In my experience, leaders concentrate on those formal venues because they think it's the best use of their time. As one leader told me, "I'm so busy that I need to concentrate only on high-impact activities."
But Lange explains that informal communication encounters--walking around, having 10-minute chats, asking a few people to have coffee, eating lunch in the cafeteria--are high-impact activities that improve employee engagement.
To understand why, it's helpful to recall the work of Edgar Schein, former professor at the MIT Sloan School of Management, whose book Organizational Culture and Leadership is recognized as essential on the topic. Schein explains that culture is experienced within an organization in three key ways: in observable artifacts, espoused values, and basic underlying assumptions.
We'll focus on "observable artifacts," which Schein describes as an organization's attitudes, behaviors, and beliefs--what it considers important and meaningful.
As Lange explains, when a leader has an informal interaction with an employee, that leader is sending a strong signal about culture--he/she is creating an "observable artifact."
"By stopping and talking to an individual employee, you demonstrate that you are interested in what that person is working on and has to say," says Lange.
Plus, those conversations show that you're not on a pedestal or sequestered in the executive suite; you're a regular human being who relates to other human beings.
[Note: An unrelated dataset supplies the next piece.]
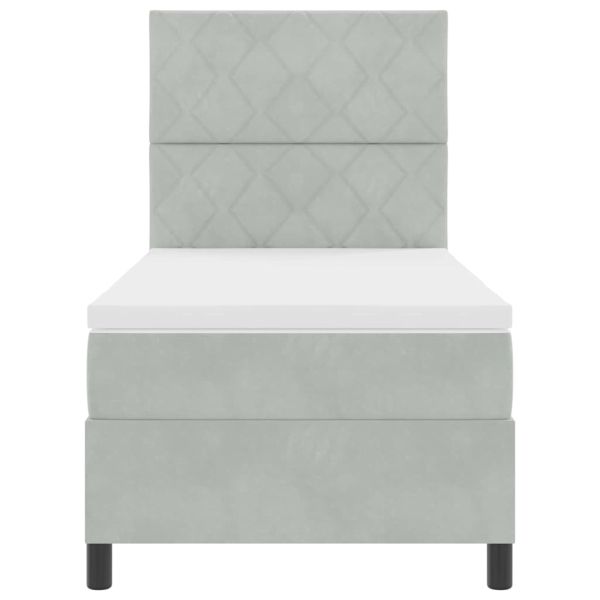 LED кутия за пружини с легло Светлосиво 90 x 190 cm Кадифе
That connection builds trust.
And every informal encounter has "a ripple effect in the organization," says Lange. "Other employees notice that leaders are interacting in a personal, caring way."
All of that is important, but the value of those interactions doesn't stop there. An informal conversation is not only meaningful to the employee, it's a unique opportunity for you as a leader to gain perspectives that will help you be more successful.
Although you may feel like you spend every waking moment in meetings, you're only exposed to a narrow group of people within the organization: usually other leaders, people who head functions and initiative owners. And many of those people are trying to impress you, so they carefully craft their messages to put a positive spin on things.
But by reaching out to all levels of employees, you have the opportunity to get fresh viewpoints on what's happening throughout the organization. People are more likely to be candid in one-on-one or small-group conversations, especially when your focus is on observing what they do and listening to them.
Lange tells the story of a company headquartered in Chicago that appointed a new CEO. A few weeks after the CEO came on board, she paid a visit to the company's second largest location in the New York City area.
"The CEO walked into the office and went immediately to the large conference room, where she stayed all day," he says. "She had a series of meetings at which department heads presented their plans and progress. At lunchtime, food was brought in and the meetings continued throughout the afternoon."
The CEO probably thought the day was productive, but she missed an important opportunity, says Lange. "She would have demonstrated her openness and interest in listening if she had simply walked around the office and chatted with people. Even better, she could have visited the cafeteria for 30 minutes and eaten her salad while getting to know some team members.
"And, by asking the right questions, the CEO could have learned some things about the company that she didn't hear by talking only to leaders," Lange says.